=== Begin Enclosure ===

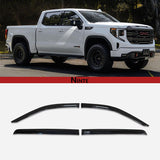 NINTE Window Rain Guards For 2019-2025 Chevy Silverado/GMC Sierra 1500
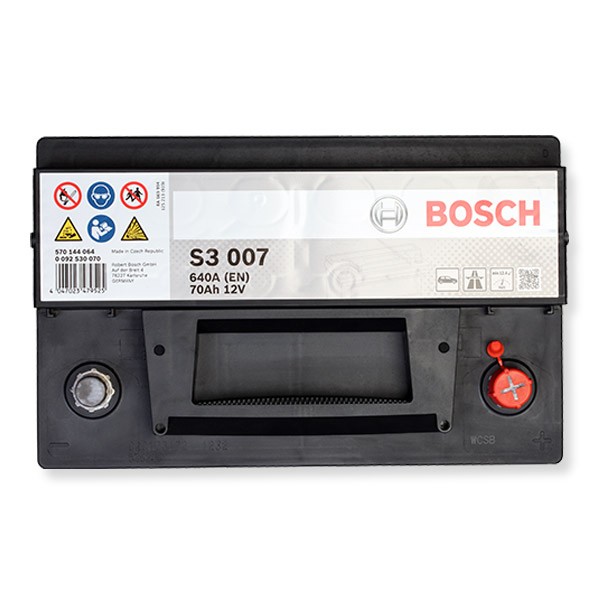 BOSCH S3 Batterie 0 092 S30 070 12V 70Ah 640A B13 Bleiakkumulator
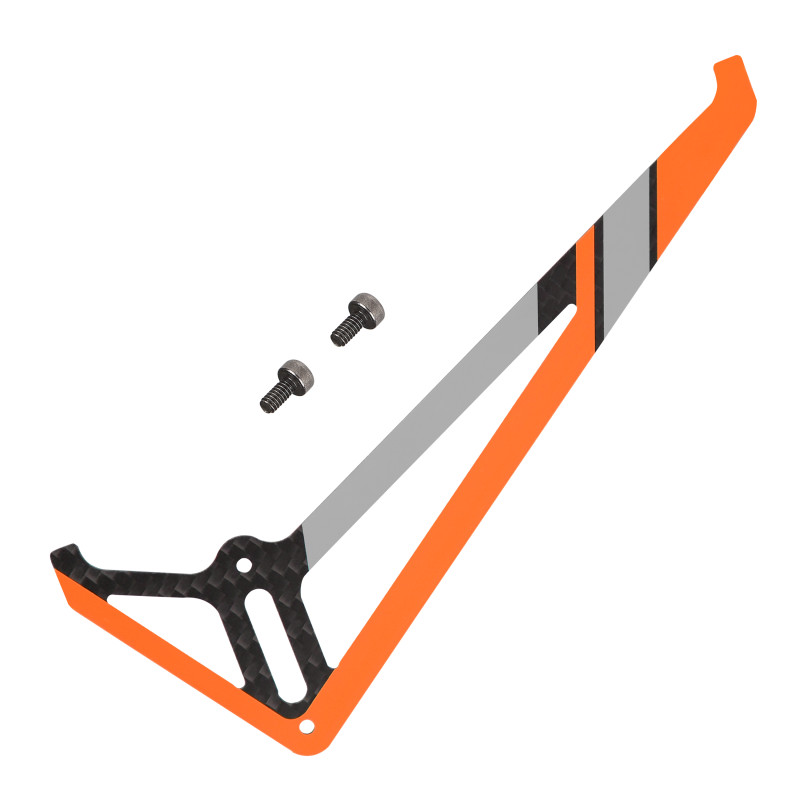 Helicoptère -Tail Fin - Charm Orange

=== End Enclosure ===
=== Begin Enclosure ===

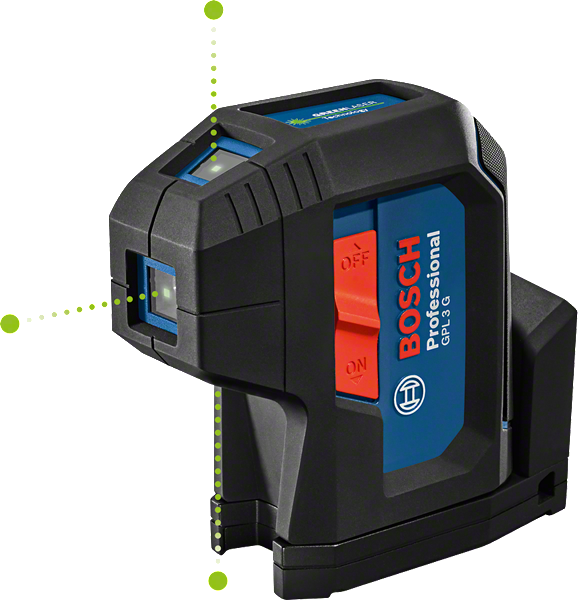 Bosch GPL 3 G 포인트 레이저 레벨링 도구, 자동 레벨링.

=== End Enclosure ===
=== Begin Enclosure ===

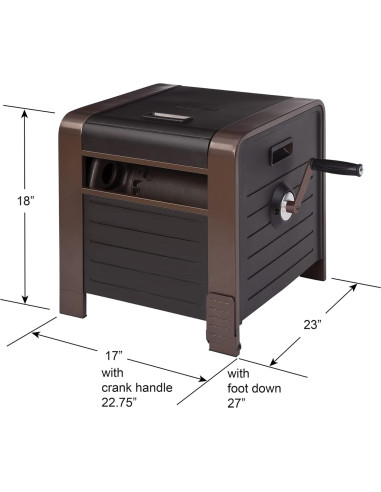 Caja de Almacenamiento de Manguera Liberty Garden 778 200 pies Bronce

=== End Enclosure ===

__EXERCISE REQUIREMENTS__.
Repeat exactly the lines above, beginning at the one containing "NINTE Window Rain" and ending at the one containing "Helicoptère -Tail Fin - Charm Orange". Do not carry over any pictures.

__RESULT FOR THIS TASK__.
 NINTE Window Rain Guards For 2019-2025 Chevy Silverado/GMC Sierra 1500
 BOSCH S3 Batterie 0 092 S30 070 12V 70Ah 640A B13 Bleiakkumulator
 Helicoptère -Tail Fin - Charm Orange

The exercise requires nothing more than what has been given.